> _EXERCISE AIM_:
One number is the whole answer: how many lines of the records include "Textured".

[Data items]
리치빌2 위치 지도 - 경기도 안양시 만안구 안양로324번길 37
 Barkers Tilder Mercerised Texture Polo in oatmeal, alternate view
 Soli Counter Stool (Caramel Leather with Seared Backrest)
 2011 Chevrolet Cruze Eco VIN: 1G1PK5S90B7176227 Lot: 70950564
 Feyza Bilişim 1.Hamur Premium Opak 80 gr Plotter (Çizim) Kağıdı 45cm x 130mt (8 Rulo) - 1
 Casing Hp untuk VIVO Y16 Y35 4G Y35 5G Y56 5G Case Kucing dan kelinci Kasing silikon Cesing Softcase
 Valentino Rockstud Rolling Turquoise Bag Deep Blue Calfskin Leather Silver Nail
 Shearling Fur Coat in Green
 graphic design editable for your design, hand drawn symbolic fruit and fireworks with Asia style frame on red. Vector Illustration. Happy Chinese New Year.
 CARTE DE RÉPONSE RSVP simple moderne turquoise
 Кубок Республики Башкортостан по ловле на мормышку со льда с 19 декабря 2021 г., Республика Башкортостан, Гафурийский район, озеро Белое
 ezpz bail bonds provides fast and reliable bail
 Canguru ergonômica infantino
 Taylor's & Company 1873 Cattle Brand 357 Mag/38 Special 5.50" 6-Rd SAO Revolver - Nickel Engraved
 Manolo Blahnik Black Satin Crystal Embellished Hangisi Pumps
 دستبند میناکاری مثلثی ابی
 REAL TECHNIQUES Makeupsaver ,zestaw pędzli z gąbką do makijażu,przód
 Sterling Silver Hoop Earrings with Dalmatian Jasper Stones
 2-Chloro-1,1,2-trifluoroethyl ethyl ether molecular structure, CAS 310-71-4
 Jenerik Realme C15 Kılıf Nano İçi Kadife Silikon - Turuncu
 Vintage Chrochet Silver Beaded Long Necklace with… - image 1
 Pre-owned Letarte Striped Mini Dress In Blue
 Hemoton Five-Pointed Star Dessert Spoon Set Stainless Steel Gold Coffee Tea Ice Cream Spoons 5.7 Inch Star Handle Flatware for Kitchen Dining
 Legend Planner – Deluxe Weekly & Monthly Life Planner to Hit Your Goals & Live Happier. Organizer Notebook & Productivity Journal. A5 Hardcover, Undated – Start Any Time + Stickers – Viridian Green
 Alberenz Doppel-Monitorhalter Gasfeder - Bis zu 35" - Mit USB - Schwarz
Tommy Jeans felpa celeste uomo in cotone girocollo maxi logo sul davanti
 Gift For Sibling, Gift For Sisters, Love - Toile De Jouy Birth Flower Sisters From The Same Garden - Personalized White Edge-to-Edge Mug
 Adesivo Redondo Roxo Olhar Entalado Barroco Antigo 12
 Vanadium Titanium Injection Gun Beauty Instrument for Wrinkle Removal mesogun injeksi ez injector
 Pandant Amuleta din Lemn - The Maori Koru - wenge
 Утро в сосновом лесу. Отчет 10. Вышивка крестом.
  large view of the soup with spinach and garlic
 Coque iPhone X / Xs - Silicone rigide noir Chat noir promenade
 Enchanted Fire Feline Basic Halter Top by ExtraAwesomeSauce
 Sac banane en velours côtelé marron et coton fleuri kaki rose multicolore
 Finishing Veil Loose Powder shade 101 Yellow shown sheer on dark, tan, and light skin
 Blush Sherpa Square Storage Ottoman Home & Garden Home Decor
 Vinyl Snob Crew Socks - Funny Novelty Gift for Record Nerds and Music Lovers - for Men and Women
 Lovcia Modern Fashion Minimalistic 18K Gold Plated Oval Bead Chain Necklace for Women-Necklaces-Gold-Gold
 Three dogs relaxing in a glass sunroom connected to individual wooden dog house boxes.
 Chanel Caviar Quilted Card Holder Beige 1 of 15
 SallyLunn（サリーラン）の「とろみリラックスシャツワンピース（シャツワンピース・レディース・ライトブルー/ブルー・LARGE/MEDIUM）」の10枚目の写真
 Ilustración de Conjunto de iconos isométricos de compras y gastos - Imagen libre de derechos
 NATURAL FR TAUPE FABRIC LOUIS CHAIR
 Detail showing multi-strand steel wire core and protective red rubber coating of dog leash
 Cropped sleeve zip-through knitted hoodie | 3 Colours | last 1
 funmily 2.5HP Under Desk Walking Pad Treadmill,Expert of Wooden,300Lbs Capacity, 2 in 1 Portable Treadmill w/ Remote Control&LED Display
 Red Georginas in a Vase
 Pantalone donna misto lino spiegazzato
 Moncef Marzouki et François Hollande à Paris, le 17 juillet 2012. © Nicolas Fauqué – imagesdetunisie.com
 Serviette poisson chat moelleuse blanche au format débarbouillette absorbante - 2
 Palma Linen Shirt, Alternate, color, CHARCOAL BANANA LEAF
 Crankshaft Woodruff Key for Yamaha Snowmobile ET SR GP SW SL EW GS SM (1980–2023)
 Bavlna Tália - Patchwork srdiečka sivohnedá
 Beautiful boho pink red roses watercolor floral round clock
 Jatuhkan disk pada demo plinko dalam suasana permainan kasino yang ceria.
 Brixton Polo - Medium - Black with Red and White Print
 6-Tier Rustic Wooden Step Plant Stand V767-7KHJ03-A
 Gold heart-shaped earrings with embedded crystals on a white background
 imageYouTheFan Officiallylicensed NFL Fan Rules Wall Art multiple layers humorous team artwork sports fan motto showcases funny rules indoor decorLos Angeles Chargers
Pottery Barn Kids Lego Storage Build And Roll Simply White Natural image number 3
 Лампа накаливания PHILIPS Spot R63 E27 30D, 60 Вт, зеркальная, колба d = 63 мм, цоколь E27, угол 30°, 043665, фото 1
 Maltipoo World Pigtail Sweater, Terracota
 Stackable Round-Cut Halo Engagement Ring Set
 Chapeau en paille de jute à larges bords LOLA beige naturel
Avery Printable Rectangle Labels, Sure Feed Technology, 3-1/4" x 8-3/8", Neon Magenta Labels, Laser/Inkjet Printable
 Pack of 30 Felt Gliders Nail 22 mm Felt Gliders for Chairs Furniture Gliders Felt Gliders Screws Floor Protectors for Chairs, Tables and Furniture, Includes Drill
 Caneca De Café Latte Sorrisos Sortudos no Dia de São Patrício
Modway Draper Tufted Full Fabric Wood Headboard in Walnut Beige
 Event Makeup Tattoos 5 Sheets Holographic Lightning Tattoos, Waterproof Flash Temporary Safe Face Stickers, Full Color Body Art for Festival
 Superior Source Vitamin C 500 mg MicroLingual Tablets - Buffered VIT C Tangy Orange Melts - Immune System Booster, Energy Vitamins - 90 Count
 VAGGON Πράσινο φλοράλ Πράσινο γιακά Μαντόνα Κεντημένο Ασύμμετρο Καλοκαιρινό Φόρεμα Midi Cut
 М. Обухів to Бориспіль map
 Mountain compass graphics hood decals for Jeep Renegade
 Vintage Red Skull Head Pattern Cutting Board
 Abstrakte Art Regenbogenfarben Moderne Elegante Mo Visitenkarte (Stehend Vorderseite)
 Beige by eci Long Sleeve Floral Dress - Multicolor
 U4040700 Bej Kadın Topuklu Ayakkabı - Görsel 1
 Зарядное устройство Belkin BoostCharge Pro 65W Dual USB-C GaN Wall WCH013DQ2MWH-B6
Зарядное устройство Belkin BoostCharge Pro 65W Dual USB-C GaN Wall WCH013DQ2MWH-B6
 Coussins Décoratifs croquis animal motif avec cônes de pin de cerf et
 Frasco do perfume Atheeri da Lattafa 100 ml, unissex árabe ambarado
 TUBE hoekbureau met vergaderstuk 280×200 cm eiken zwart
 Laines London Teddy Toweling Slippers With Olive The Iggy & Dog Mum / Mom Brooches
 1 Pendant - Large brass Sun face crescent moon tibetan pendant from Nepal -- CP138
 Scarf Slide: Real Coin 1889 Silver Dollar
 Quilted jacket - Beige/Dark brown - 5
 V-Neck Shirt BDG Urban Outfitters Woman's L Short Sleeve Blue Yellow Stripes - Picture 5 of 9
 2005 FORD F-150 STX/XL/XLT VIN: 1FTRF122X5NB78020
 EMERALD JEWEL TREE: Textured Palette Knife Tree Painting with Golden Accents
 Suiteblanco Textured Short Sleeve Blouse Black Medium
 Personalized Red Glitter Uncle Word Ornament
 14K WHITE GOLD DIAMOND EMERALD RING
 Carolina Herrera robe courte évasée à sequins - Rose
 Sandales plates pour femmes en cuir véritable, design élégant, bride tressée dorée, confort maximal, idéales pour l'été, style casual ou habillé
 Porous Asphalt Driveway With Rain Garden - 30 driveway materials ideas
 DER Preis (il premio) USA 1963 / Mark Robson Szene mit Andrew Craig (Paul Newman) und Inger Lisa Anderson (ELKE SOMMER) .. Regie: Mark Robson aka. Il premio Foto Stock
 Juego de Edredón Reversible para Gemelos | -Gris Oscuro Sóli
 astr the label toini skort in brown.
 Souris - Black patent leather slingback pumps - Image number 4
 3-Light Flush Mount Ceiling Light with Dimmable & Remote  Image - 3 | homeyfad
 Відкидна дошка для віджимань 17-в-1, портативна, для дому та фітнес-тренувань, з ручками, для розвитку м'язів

> _TASK RESULT_:
2